SUPPLIED MATERIAL -
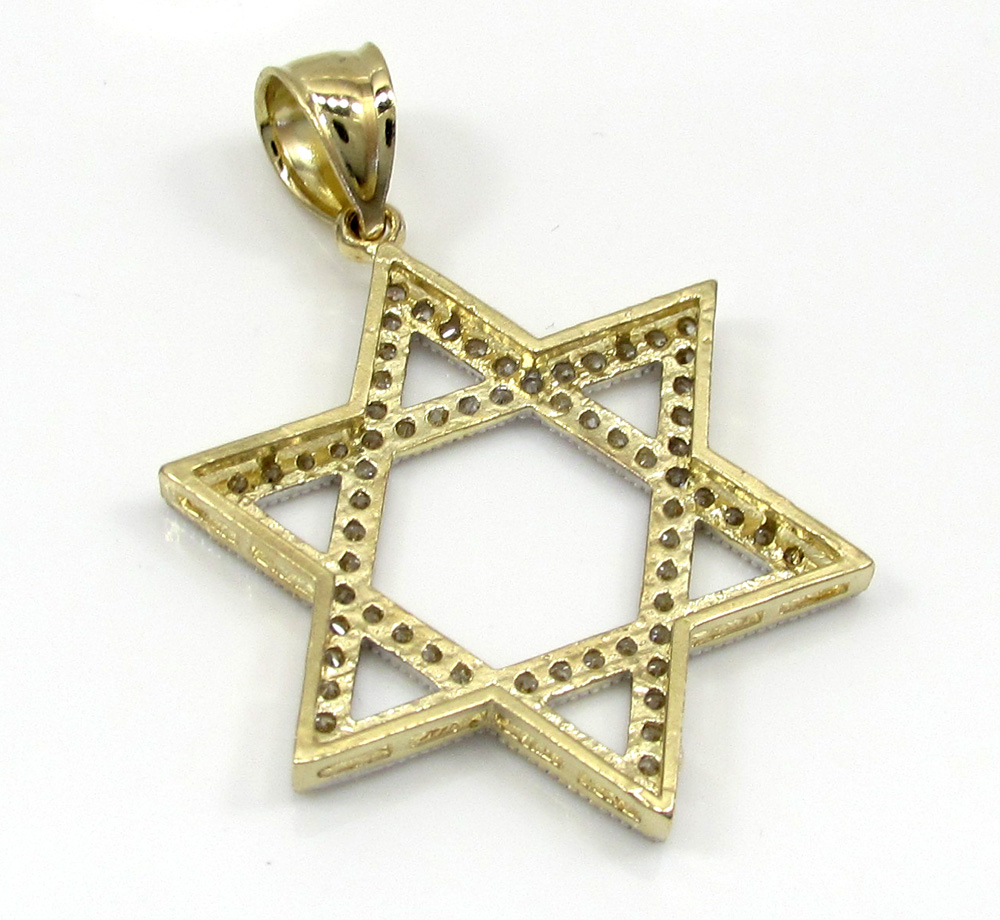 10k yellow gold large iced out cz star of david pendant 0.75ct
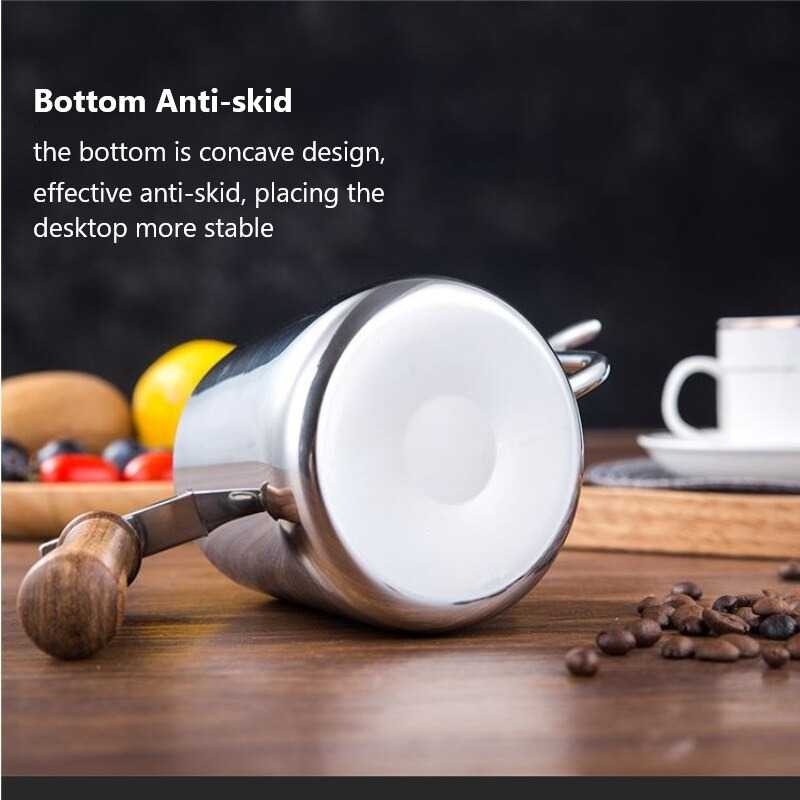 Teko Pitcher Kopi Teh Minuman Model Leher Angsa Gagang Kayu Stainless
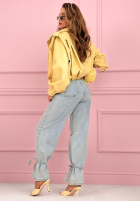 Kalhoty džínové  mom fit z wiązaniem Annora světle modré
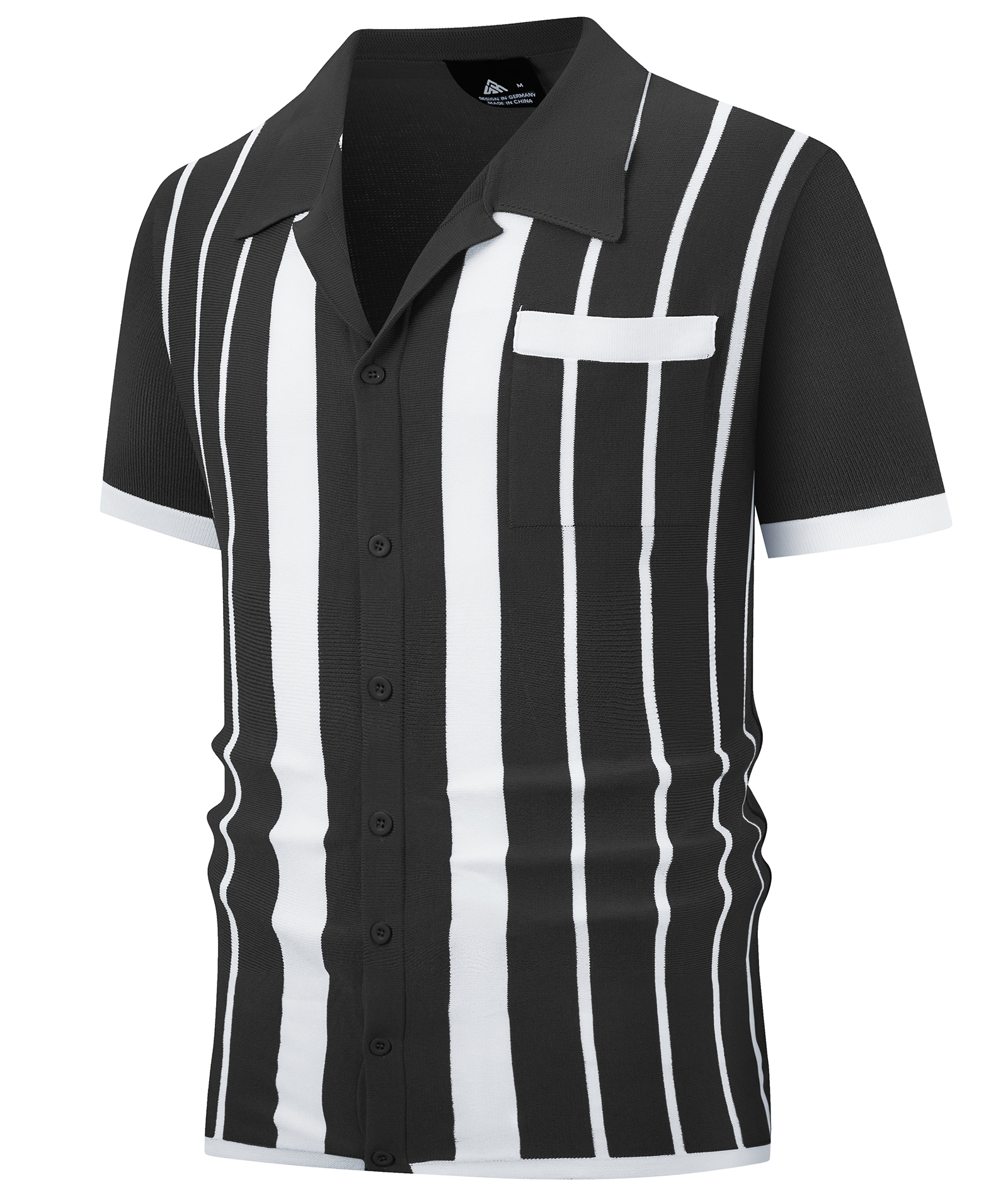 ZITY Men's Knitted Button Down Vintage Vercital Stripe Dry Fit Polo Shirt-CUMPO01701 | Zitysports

ASSIGNMENT -
Output the data above exactly. Drop every picture.

REPLY TO THE TASK -
 10k yellow gold large iced out cz star of david pendant 0.75ct
 Teko Pitcher Kopi Teh Minuman Model Leher Angsa Gagang Kayu Stainless
 Kalhoty džínové  mom fit z wiązaniem Annora světle modré
 ZITY Men's Knitted Button Down Vintage Vercital Stripe Dry Fit Polo Shirt-CUMPO01701 | Zitysports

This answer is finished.